In vari Comuni dell’Irpinia anche quest’anno si celebra la “Passione di Cristo” nel giorno di Venerdì Santo. E’ noto che la consapevolezza del Cristo sulla propria missione e come realizzarla rappresenta il pilastro principale della Passione stessa. L’aspetto psicologico della coscienza di Gesù diventa teologico nel rapporto di comunione con il Padre celeste. Per quanto Gesù accetti il sacrificio e la sofferenza nel compiere la volontà del Padre per rivitalizzare gli esseri umani, egli ha voglia di Dio, desidera anche ritornare alla casa del Padre.
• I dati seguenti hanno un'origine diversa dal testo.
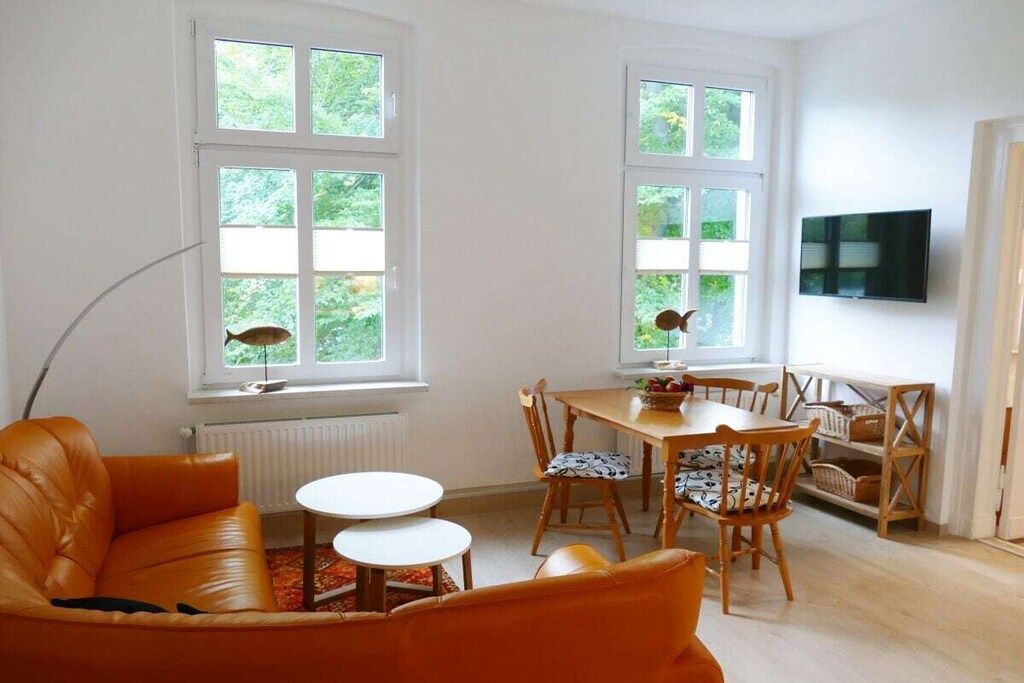 Una sala de estar con un sofá, una mesa de comedor con sillas, un televisor montado en la pared y ventanas con vistas a zonas verdes.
Ricordiamo il salmo: “L’anima mia ha sete di te, Signore.” Quindi diventa accettazione fiduciosa e serena delle pene-sofferenze (croci) quotidiane, per far sempre la volontà del Dio Padre, anche quando chiama i suoi figli a salire, soffrendo, il Calvario insieme a Gesù per salvare il mondo; certo è un fatto misterioso: la croce-sofferenza, accettata e offerta a Dio, diventa quasi una risposta d’amore. Nella religione cristiana emerge una santità nascosta o segreta della croce,nel senso di una unione con Gesù crocifisso e come via per la santità.
Il Principe musicista Gesualdo fu autore anche di musica sacra dedicata alla Pasqua: il Tenebrae-Responsoria per Giovedì, Venerdì e Sabato santo.
In Carlo Gesualdo, lo sconvolgimento dell’osservanza cattolica compositiva in ambito liturgico, appena annunciato nelle Sacrae Cantiones, si realizzava in modo impressionante nei Responsoria per la Settimana Santa: una triste ed aspra meditazione sulla Passione di Cristo, legata alla più luttuosa liturgia cattolica. I ventisette brani che compongono l’ufficio delle Tenebrae sono appunto da cantarsi al calare della notte della vigilia dei giorni santi. Un canto liturgico nato nel Medioevo nel quale, in origine, l’officiante dialoga con l’assemblea dei fedeli, un modulo che successivamente subisce trasformazioni ed è stato musicato in modi diversi. Alla drammaticità dei testi si aggiungeva la suggestione rituale: spenti uno dopo l’altro i quindici ceri disposti nel coro a forma di triangolo, la chiesa sprofondava in una totale oscurità.
Nei Responsoria di Carlo Gesualdo affiorano le emozioni religiose che scaturiscono dal mistero della redenzione e della tormentata “estasi gesualdiana”. Carlo trasferisce in ambito sacro i procedimenti adottati nelle sue raccolte madrigalistiche e sembra rivivere in prima persona le sofferenze di Cristo. Le scarse testimonianze relative agli ultimi anni di vita del Principe ci mostrano un uomo sempre più in pena per le sue gravi, continue indisposizioni e malattie. Carlo manifesta un vero parossismo penitenziale: mezzo di grazia diventano la sofferenza e le macerazioni corporali, secondo i più estremi modelli del “masochismo cristiano “. Il Principe riattraversa nella contemplazione del lento consumarsi del corpo, il percorso della Passione di Cristo sofferente. Attraverso queste opere sacre straordinarie, veri e propri inni alla misericordia divina, Carlo tenta di rimeritare un paradiso perduto, la speranza nell’aldilà, nel Dio misericordioso. Il principe non aveva mai perso la fede in Dio, rispettava la Sua volontà e conosceva la rassegnazione cristiana. Qualcuno ha definito i Responsoria quale capolavoro assoluto del Tardo Rinascimento.